[Work item] Only the pictures should be left out; repeat the rest of the data exactly.

[Source material]
[Start of Attachment]

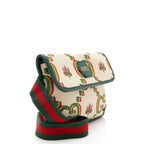 Gucci Jumbo GG Canvas Embroidered Floral Belt Bag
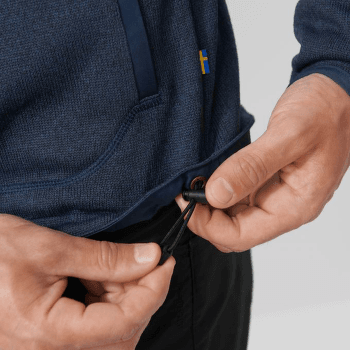 Mikina Fjällräven Ovik Fleece Hoodie Men Autumn Leaf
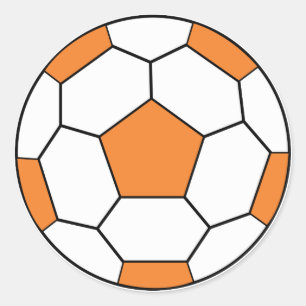 Sticker Orange Ball de football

[End of Attachment]

[Expected answer]
 Gucci Jumbo GG Canvas Embroidered Floral Belt Bag
 Mikina Fjällräven Ovik Fleece Hoodie Men Autumn Leaf
 Sticker Orange Ball de football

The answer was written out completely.